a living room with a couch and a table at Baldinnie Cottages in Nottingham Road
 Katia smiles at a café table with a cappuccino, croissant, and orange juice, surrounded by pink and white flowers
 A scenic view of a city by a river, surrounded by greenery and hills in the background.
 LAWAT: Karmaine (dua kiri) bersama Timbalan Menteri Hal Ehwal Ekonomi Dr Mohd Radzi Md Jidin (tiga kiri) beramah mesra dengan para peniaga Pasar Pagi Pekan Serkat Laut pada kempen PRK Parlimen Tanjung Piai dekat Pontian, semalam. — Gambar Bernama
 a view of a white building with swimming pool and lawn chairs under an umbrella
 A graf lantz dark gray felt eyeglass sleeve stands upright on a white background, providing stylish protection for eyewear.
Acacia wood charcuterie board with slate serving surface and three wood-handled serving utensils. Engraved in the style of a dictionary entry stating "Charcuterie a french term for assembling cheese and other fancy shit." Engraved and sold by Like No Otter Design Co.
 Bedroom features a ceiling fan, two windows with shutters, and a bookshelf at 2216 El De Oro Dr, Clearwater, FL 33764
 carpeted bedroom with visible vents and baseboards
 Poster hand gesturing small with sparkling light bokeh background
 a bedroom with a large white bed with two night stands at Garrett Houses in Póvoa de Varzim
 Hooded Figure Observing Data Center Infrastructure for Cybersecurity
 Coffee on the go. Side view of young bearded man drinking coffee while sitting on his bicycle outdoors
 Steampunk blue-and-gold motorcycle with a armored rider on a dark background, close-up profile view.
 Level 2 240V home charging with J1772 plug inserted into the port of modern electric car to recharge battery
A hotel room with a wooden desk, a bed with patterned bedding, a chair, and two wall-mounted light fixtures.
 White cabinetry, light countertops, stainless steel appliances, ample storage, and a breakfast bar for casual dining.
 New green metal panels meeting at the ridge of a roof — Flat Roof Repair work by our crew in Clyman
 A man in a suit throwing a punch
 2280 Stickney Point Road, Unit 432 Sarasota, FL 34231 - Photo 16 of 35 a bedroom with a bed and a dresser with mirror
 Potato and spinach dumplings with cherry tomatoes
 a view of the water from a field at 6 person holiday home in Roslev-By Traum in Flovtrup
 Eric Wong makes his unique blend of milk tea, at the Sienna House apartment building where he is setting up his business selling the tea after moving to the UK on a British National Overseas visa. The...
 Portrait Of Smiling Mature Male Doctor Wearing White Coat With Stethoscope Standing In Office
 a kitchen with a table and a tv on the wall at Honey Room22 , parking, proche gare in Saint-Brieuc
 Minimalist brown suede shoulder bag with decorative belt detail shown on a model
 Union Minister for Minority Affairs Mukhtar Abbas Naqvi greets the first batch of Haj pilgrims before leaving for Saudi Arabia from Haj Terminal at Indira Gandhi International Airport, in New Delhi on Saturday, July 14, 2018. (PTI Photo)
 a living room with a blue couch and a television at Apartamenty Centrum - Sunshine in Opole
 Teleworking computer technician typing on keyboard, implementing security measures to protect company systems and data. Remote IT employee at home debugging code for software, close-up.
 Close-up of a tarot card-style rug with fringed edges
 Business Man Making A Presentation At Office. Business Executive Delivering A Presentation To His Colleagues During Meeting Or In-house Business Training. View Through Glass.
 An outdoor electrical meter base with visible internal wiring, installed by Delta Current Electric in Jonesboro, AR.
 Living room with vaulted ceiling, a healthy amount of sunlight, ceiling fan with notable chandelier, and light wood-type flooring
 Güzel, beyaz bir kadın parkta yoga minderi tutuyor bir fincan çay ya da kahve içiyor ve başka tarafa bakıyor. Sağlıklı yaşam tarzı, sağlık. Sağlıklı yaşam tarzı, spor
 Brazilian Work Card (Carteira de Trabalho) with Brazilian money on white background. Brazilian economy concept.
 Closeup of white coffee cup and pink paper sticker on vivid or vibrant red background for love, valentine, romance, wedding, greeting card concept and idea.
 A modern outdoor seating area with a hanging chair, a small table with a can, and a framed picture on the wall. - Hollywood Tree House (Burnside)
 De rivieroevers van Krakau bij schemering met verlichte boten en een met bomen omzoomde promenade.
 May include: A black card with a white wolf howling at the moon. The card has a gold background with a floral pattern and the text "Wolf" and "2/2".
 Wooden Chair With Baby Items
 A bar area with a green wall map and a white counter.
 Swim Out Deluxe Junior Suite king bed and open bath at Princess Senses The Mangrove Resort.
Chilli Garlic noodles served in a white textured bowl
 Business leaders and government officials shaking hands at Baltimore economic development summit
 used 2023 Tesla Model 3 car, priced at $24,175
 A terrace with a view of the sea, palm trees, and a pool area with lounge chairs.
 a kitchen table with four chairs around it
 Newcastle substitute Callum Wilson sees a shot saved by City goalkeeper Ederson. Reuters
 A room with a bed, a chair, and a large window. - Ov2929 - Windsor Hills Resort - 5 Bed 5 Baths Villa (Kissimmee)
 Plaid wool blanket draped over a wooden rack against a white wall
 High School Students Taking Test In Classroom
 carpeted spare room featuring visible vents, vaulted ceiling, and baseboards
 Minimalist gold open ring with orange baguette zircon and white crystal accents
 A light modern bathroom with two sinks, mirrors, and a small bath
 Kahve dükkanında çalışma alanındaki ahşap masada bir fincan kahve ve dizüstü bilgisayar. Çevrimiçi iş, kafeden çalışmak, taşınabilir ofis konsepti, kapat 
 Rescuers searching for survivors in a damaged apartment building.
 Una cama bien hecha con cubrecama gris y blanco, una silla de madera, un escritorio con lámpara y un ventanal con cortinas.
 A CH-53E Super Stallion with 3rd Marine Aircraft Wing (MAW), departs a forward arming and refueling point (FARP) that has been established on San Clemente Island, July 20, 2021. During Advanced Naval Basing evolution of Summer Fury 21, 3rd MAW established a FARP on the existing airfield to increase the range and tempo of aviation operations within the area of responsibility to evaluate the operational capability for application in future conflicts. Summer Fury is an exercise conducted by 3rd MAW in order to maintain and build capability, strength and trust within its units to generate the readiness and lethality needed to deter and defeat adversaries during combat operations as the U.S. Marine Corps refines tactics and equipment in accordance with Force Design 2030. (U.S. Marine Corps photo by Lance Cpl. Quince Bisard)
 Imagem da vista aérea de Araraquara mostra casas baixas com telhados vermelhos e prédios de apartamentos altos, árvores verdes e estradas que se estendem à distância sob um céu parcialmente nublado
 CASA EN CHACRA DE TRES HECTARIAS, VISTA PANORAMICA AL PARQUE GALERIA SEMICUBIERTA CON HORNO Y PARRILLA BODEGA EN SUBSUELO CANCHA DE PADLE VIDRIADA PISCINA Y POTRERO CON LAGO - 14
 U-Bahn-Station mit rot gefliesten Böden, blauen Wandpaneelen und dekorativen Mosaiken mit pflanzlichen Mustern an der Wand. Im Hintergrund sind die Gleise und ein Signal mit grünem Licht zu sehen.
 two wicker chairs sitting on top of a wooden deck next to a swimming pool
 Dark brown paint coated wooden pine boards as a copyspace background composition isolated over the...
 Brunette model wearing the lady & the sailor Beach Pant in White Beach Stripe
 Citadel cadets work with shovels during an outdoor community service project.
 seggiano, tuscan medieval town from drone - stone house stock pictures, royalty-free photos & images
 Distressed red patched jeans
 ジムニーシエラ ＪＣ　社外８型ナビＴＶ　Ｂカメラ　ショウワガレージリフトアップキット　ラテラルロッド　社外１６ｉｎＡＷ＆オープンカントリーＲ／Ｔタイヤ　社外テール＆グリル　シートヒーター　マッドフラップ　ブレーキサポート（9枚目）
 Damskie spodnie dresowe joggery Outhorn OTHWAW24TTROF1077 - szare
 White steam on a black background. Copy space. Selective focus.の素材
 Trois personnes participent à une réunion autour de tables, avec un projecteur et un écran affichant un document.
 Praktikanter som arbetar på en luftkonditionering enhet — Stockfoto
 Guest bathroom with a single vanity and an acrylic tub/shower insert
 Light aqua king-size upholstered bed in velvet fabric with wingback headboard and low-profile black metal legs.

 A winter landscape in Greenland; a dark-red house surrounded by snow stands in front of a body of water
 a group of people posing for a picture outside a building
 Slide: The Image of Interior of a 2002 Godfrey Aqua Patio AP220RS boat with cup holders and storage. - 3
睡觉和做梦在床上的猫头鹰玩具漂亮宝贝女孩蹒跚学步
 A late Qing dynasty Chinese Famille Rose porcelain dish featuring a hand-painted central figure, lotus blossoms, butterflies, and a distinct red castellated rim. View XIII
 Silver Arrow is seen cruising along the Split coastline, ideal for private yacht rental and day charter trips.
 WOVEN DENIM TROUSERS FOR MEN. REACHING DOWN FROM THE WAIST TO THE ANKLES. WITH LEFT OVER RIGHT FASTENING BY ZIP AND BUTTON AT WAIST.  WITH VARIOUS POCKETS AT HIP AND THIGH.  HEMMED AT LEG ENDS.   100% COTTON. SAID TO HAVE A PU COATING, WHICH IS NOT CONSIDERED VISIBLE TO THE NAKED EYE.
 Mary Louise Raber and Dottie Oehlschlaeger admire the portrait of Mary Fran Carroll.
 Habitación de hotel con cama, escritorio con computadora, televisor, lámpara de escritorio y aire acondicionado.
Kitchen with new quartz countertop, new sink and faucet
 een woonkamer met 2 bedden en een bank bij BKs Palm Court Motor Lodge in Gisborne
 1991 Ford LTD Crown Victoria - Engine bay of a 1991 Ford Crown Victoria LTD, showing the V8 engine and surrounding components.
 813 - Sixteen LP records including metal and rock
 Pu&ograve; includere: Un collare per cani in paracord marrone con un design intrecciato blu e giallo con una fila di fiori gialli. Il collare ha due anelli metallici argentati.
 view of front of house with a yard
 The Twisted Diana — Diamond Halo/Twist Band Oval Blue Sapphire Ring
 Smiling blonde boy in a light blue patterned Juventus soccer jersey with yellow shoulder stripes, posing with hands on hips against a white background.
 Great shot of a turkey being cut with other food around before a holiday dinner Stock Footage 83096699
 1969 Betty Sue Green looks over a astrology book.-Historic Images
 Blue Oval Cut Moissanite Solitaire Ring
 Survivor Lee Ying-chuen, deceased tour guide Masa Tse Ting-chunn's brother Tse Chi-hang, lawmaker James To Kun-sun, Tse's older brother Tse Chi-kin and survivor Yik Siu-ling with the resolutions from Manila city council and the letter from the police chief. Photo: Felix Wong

TASK DETAILS >>
Reproduce each line above that contains "apartment".

ANSWER TO THE PROBLEM >>
 Eric Wong makes his unique blend of milk tea, at the Sienna House apartment building where he is setting up his business selling the tea after moving to the UK on a British National Overseas visa. The...
 Rescuers searching for survivors in a damaged apartment building.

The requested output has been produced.